Bilebante dan Gotong Royong Menghijaukan Desa
Di tengah pandemi, desa-desa di sejumlah daerah terus menjaga kebersamaan. Seperti Desa Bilebante di Lombok Tengah, NTB, yang mengajak warganya untuk bergotong royong menanam pohon.
Di tengah pandemi, kebersamaan warga dalam membangun desa harus terus dijaga. Itu juga yang didorong Desa Wisata Hijau Bilebante lewat kegiatan penghijauan dengan mengajak warganya bergotong royong menanam pohon.
Sepeda motor bak roda tiga yang membawa ratusan bibit pohon berhenti di gerbang Dusun Karang Baru, Desa Bilebante, Kecamatan Pringgarata, Lombok Tengah, Nusa Tenggara Barat, Jumat (12/2/2021) sekitar pukul 08.30 Wita. Melihat itu, warga yang telah menunggu bergeges mendekat.
Dibantu aparat desa, termasuk satuan polisi pamong praja (satpol PP), TNI, dan sejumlah mahasiswa, warga menurunkan bibit-bibit pohon itu. Kemudian, mereka membawa bibit-bibit itu ke sejumlah titik di kiri dan kanan jalan kampung.

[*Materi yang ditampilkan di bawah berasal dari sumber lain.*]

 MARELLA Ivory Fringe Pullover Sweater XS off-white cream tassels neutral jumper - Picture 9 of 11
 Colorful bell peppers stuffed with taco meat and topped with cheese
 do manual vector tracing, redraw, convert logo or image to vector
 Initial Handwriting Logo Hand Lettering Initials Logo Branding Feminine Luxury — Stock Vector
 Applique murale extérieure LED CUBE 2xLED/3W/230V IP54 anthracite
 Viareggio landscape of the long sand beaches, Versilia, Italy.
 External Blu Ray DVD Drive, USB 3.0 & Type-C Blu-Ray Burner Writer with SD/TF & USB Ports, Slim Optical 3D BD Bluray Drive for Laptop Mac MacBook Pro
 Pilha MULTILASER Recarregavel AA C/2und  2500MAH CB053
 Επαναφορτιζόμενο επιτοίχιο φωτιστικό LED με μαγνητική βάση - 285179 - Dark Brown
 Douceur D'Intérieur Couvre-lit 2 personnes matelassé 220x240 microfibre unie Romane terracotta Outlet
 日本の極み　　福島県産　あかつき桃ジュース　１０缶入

Baca juga : Desa Wisata di Lombok Buka Kembali dengan Penerapan Protokol Kesehatan
Warga terlihat antusias melakukan hal itu. Termasuk saat menanam. Semua dikerjakan dengan penuh semangat mulai melepas polybag, memasukkan bibit dengan sisa tanah yang masih melekat ke dalam lubang tanam, hingga menimbunnya kembali dengan tanah dan menancapkan dua kayu pelindung.
Tidak hanya orang tua, anak-anak juga tak kalah semangat. Seperti pengalaman baru, setiap selesai menanam satu pohon, mereka akan menanam pohon berikutnya. Begitu seterusnya hingga kegiatan itu berakhir pukul 10.00 Wita.
”Jangan cuma ditanam, ya. Harus tanggung jawab juga dijaga dan dirawat biar tumbuh subur,” kata Syamsul KH, anggota satpol PP yang ikut menemani anak-anak.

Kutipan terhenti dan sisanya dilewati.